I want to use raw bert without fine-tuning for sentiment analysis but there is a limitation on the number of tokens for each review there are some related questions on the same issue but on tensor flow itself, not the bert model so solutions won't work for me also adding max_len = 5000 to the tokenizer doesn't work because it gets overwritten by the config file of the model (someone said on a question that doesn't have an answer yet here is the question link
I did this solution in the code which is to take the first 512 tokens and truncate the rest which may affect the overall sentiment so I want to remove it here is my code with taking the first 512 tokens
from transformers import AutoTokenizer, AutoModelForSequenceClassification
import torch
import re
import pandas as pd
tokenizer = AutoTokenizer.from_pretrained('nlptown/bert-base-multilingual-uncased-sentiment')
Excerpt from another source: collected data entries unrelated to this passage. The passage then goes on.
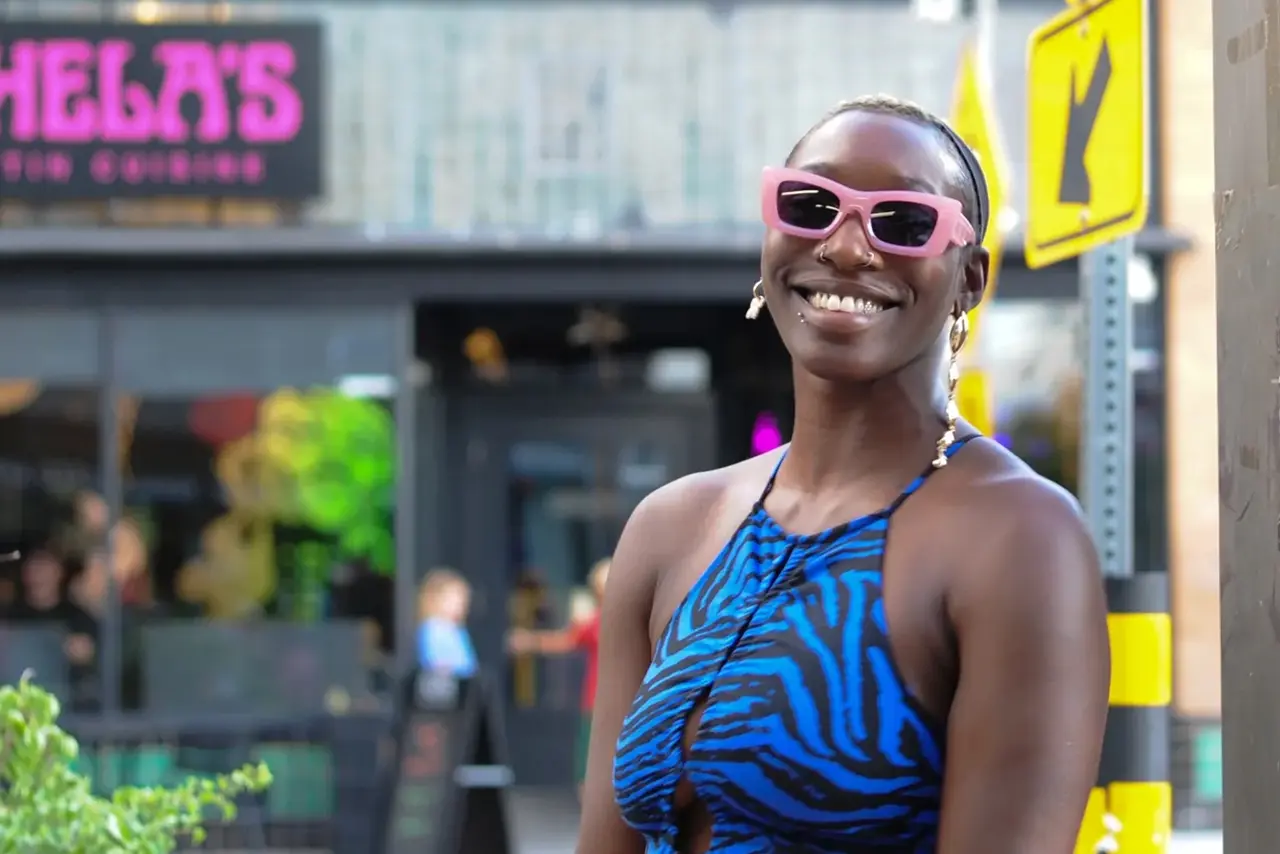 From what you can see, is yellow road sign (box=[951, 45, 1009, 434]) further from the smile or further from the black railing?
the black railing

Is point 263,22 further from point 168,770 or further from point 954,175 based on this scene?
point 954,175

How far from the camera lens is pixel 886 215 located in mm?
1620

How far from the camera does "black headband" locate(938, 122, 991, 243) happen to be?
1693 mm

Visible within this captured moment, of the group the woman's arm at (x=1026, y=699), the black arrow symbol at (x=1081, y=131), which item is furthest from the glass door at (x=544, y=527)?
the woman's arm at (x=1026, y=699)

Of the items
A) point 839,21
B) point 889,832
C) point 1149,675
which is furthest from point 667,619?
point 839,21

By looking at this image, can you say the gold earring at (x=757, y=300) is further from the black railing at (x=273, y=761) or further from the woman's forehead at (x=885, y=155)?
the black railing at (x=273, y=761)

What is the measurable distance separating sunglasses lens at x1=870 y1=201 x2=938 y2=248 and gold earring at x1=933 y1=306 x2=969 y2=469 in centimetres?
12

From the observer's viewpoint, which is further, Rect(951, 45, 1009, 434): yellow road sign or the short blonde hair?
the short blonde hair

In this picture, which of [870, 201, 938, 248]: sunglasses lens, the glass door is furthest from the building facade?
[870, 201, 938, 248]: sunglasses lens

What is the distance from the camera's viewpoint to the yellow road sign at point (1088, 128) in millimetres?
3633

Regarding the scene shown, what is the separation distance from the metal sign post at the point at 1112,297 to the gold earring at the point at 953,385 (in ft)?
5.93

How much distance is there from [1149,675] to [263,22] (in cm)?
810

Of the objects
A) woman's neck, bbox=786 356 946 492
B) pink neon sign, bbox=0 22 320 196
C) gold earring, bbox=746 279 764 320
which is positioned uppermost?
pink neon sign, bbox=0 22 320 196

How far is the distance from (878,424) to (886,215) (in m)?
0.18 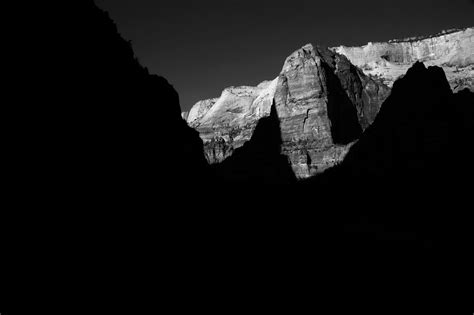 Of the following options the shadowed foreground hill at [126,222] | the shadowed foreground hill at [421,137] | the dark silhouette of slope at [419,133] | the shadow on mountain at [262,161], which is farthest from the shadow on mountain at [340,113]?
the shadowed foreground hill at [126,222]

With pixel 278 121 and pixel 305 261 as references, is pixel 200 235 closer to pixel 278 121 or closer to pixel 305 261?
pixel 305 261

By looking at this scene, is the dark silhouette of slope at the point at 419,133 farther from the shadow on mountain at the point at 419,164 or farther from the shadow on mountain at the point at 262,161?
the shadow on mountain at the point at 262,161

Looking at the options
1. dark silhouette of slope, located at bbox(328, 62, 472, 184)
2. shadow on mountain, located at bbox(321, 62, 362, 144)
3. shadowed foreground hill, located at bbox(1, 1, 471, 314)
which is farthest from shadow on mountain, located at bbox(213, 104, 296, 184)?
shadowed foreground hill, located at bbox(1, 1, 471, 314)

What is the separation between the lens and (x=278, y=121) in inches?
5655

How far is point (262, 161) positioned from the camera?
138125 millimetres

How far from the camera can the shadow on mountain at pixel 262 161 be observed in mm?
128850

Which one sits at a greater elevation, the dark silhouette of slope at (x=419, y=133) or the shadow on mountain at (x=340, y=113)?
the shadow on mountain at (x=340, y=113)

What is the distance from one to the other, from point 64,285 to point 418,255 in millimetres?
60776

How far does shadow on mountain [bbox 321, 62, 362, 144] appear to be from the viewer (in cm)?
13425

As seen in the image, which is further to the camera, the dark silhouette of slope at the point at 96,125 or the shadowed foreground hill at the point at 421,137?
the shadowed foreground hill at the point at 421,137

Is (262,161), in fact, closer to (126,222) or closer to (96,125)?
(126,222)

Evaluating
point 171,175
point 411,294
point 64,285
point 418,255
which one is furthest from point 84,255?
point 418,255

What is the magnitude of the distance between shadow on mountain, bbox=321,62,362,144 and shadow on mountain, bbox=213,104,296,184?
2041 cm

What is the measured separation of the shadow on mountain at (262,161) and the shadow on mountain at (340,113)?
803 inches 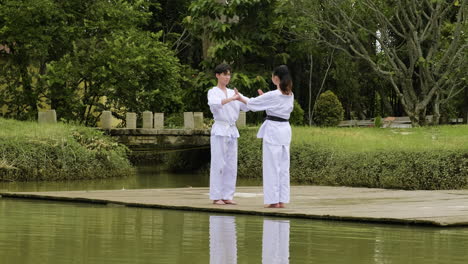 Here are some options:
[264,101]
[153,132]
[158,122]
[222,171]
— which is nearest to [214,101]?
[264,101]

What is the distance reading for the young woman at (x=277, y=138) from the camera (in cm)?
1331

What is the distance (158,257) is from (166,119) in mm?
22012

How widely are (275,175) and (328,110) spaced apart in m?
22.3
model = AutoModelForSequenceClassification.from_pretrained('nlptown/bert-base-multilingual-
uncased-sentiment')
def predict_sentiment(tweet):
tokens = tokenizer.encode(tweet[:512], return_tensors='pt')
result = model(tokens)
res = int(torch.argmax(result.logits)) + 1
if res == 1 | res == 2:
res == 1
elif res == 3:
res = 2
else:
res = 3
return res
print(predict_sentiment("hello world"))
and this is the error stack trace when I remove the [:512]
Token indices sequence length is longer than the specified maximum sequence length for this model (611 > 512). Running this sequence through the model will result in indexing errors
Traceback (most recent call last):
File "C:\Users\Ahmed\PycharmProjects\SentimentModel\Model", line 24, in <module>
print(predict_sentiment(tweets['Text'][82]))
File "C:\Users\Ahmed\PycharmProjects\SentimentModel\Model", line 11, in predict_sentiment
result = model(tokens)
File "C:\Users\Ahmed\PycharmProjects\SentimentModel\venv\lib\site-packages\torch\nn\modules\module.py", line 1110, in _call_impl
return forward_call(*input, **kwargs)
File "C:\Users\Ahmed\PycharmProjects\SentimentModel\venv\lib\site-packages\transformers\models\bert\modeling_bert.py", line 1556, in forward
outputs = self.bert(
File "C:\Users\Ahmed\PycharmProjects\SentimentModel\venv\lib\site-packages\torch\nn\modules\module.py", line 1110, in _call_impl
return forward_call(*input, **kwargs)
File "C:\Users\Ahmed\PycharmProjects\SentimentModel\venv\lib\site-packages\transformers\models\bert\modeling_bert.py", line 984, in forward
buffered_token_type_ids_expanded = buffered_token_type_ids.expand(batch_size, seq_length)
RuntimeError: The expanded size of the tensor (611) must match the existing size (512) at non-singleton dimension 1. Target sizes: [1, 611]. Tensor sizes: [1, 512]